Afin de faire prendre conscience de la spécificité du théâtre et de sa lecture (la prise en compte de la scène), de nombreuses activités dramaturgiques ont également accompagné les comités : les élèves ont analysé des extraits de captation, ont proposé des scénographies, se sont essayés à la mise en voix et en espace.
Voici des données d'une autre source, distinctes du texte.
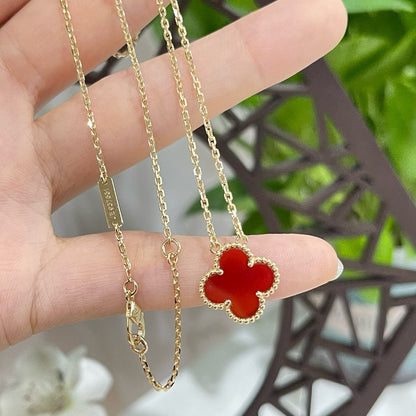 [Kismet Jewels ]CLOVER 15MM CARNELIAN SINGLE FLOWER NECKLACE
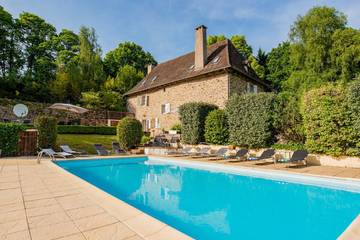 Cottage pour 11 personnes, avec terrasse et jardin à Saint-Pierre-de-Frugie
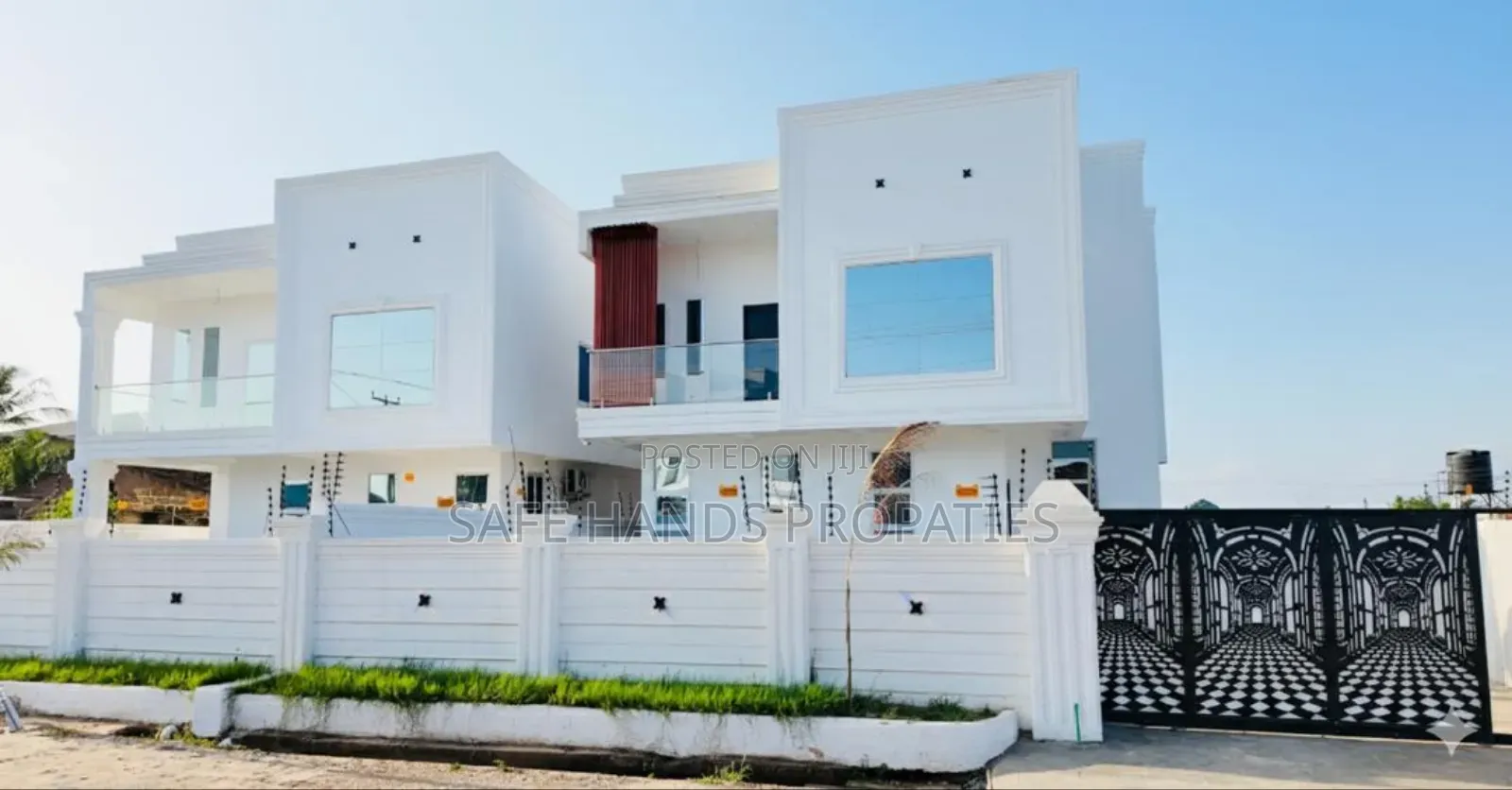4bdrm House in Accra Metropolitan for sale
On retrouve dans les carnets et débats des élèves cette attention à la dramaturgie.

Les temps d’institutionnalisation, menés à partir des conclusions et propositions des élèves, permettaient de mettre au jour les processus ainsi que les postures en jeu lors de la lecture d’un texte dramatique et d’offrir un appui pour leurs lectures.

Des lectures complémentaires pour les élèves volontaires et qui avaient lu toutes les pièces du comité ont été proposées. Les avis se déposaient sur un padlet, ouvrant ainsi aux possibilités du multimédia en accompagnant les commentaires d’interview des auteurs, d’extraits de mises en scènes, d’avis critiques trouvés sur d’autres sites…

La figure 2 récapitule les étapes du dispositif en explicitant les objectifs des diverses activités menées.

Figure 2. – Tableau récapitulant les étapes du dispositif.

Figure 2. – Tableau récapitulant les étapes du dispositif.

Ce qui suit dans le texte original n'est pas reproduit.